Le syndicat doit lutter contre toutes les puissances : puissance religieuse, puissance de l'Etat, puissance du militarisme, puissance de la magistrature. Les collectivistes qui veulent s'emparer de l'Etat pour le détruire, ne devraient pas se plaindre du syndicalisme, qui veut commencer par cette destruction.

Le syndicat doit donc lutter contre toutes ces puissances oppressives.
Mais nous affirmons pour nos membres le droit de faire individuellement ce qui leur convient.

La journée de dix heures n'a été obtenue que grâce à la puissance des travailleurs. Les législateurs ont enregistré purement et simplement.

En 1903, moi, qu'on a qualifié d'anarchiste, voilà ce que j'écrivais :

" Je sais que vous préféreriez me voir préconiser l'abstention électorale, eh bien ! Sachez que " libertaire ", je ne relève d'aucune chapelle politique, et que, dans ma pensée, j'estime qu'un abstentionniste conscient est un homme de révolution, mais que ceux qui se révèlent abstentionnistes à l'issue d'un meeting, sont des individus sur lesquels nous n'avons pas à compter.

La théorie de l'abstention préconisée en réunions publiques est une vaste blague, car une opinion semblable ne peut s'inculquer que dans des cerveaux libérés de tous préjugés.

Pour nous, et nous l'avons dit maintes fois, que les syndicats n'ont pas plus à faire de la politique anarchiste que de la politique socialiste.
Et maintenant, que les camarades sachent bien que dans le sein de notre Fédération, il ne saurait y avoir des opportunistes, des radicaux, des socialistes de diverses écoles ou des anarchistes, pas plus que des croyants ou des athées ; nous considérons qu'il n'y a que des exploités, quelles que soient leurs convictions. "

Peut-on faire un reproche aux révolutionnaires de dire que le travailleur ne doit pas compter seulement et spécialement sur le bulletin de vote ?
Une autre besogne plus importante lui reste à faire et le syndicat est seul capable de la lui faciliter.
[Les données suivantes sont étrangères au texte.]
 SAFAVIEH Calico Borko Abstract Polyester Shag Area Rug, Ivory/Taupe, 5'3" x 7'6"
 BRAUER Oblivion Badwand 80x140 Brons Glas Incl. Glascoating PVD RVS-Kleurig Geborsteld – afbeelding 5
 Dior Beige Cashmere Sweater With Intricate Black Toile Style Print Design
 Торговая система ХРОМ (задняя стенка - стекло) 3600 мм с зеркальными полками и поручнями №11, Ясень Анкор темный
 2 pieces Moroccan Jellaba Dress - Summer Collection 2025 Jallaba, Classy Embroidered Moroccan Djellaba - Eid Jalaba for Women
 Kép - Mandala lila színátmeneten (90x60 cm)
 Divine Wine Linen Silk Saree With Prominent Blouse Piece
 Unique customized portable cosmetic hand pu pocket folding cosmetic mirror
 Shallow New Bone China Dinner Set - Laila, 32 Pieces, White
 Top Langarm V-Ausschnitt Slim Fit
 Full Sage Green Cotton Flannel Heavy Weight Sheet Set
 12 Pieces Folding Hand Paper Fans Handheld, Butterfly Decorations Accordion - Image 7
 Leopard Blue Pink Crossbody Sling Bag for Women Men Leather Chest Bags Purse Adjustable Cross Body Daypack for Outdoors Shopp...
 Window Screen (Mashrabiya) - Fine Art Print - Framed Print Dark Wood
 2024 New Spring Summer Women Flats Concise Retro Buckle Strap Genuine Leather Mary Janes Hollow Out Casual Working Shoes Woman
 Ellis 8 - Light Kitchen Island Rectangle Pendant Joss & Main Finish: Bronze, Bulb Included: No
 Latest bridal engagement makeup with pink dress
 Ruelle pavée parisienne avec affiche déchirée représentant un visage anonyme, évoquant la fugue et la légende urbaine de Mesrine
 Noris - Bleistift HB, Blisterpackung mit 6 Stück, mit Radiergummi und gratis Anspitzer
Il faut que pour la première fois les congressistes se prononcent sur la doctrine nouvelle. Il faut que le syndicalisme soit une théorie entre les théories anarchistes et socialistes. Cette doctrine, d'ailleurs, se suffit à elle-même. Niel a eu tort de prendre à partie les socialistes et les libertaires ; s'il y en a qui ne font pas leur devoir, il y en a qui le font.

Je conclus au rejet de la proposition de la Fédération du Textile.

Coupat – Mon intervention a expressément pour but de demander au Comité confédéral d'observer, sur le terrain syndical, la plus stricte neutralité entre anarchistes et socialistes.
Conservé pendant longtemps, jusqu'au Congrès de Lyon, même, cet esprit de neutralité a permis le développement considérable de  la Confédération générale du Travail, c'est un événement d'ordre politique qui a fait dévier l'attitude de l'organisme confédéral sur un autre terrain ; je veux dire la constitution d'un certain ministère et l'entrée d'une personnalité politique au gouvernement ; socialistes révolutionnaires et anarchistes coalisés, pendant trois ans, ont mené au sein de l'organisme confédéral et dans le journal confédéral la voix du Peuple, la lutte contre ce ministère.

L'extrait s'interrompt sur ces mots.